Grainne shock at stumbling on her roots in famine village
GRAINNE Seoige has told how she was overcome with emotion on stumbling across her own heritage while researching the history of the Famine for a new RTE documentary.
She said she felt "a cold chill" run down her spine when the film crew came upon an abandoned famine village her ancestors are believed to have come from.
Galway girl Grainne was filming for new four-part series Great Irish Journeys, which follows four journeys that were undertaken in Ireland across four centuries.
She was retracing Thomas Carlyle's tour around the famine-stricken country in 1849 when the team found the village.
"We came across this ghostly place on the side of a mountain near Killary Harbour on the west coast," she said.
"It was an abandoned famine village, and when I heard its name, Fuinseoige, I just thought, 'Oh my God'. I turned to the producer and asked him if it was a set-up, but it wasn't.
"There were many Seoiges from the area, and we are all of the one clan. I have to say, I got a shiver down my spine."
Known for her unflappable image, she admitted she became emotional on several occasions as the journey unfolded.
"What struck me is how disconnected we all are from that period of our history but, when you think about it, it was not that long ago," she said.

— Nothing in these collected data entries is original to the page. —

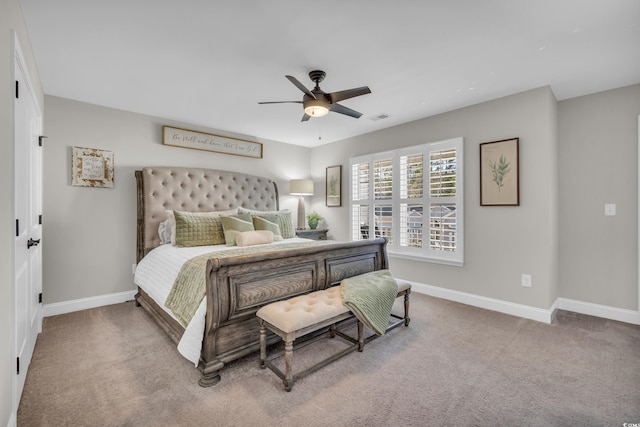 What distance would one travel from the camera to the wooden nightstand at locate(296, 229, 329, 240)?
16.0ft

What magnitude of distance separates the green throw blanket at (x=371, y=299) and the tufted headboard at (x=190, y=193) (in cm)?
256

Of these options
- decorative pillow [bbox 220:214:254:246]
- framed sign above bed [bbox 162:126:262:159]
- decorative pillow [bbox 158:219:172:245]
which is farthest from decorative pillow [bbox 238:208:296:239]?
framed sign above bed [bbox 162:126:262:159]

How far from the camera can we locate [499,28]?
2.07 m

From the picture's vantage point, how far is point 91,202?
350 centimetres

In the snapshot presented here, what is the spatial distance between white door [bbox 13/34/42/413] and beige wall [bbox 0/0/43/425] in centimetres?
13

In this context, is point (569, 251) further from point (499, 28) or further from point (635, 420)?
point (499, 28)

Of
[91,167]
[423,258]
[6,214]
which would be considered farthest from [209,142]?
[423,258]

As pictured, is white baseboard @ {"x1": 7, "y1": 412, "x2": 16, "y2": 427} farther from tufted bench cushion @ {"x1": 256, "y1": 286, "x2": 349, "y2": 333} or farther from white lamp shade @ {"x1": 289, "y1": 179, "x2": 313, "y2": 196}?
white lamp shade @ {"x1": 289, "y1": 179, "x2": 313, "y2": 196}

"It really got to me, learning the individual stories of so many men, women and children. When you are standing by the side of a road, in Cork, in your wellies in the pouring rain and you hear about the people who built it, it would reduce you to tears."
Grainne learned of a man named Con Moriarty who was employed in building a road and would work from sunrise until sundown before he received a few coins for food because "those in power at the time felt he had to be deserving".
"There was an attitude at the time that you couldn't just give the people money for nothing, they had to work for it," she said.
"They were walking skeletons. Men, women and children building this road that starts nowhere and goes nowhere. And this man, Con Moriarty, going home to his mud cabin after a long day and dying from the hunger and exhaustion.
"This is at a time when they were exporting masses of food every week – pigs, wheat, you name it."
Quoting the old Irish adage "Aimsir an Drochshaol" meaning "times of the bad life", she said: "We have to remember we are descendants of the people who stuck it out, the people who survived those terrible, terrible times. That was our holocaust, and our ancestors survived it."
Reflecting on the Ireland of today, she said: "What happened back then eventually led to a rebellion, and I think sometimes the Irish tend to take stuff lying down.
"Sometimes we can be so stoic and accepting that we just get on with it. I think we are tough, but sometimes we should be more outraged."
Great Irish Journeys begins this evening on RTE One at 6.30pm.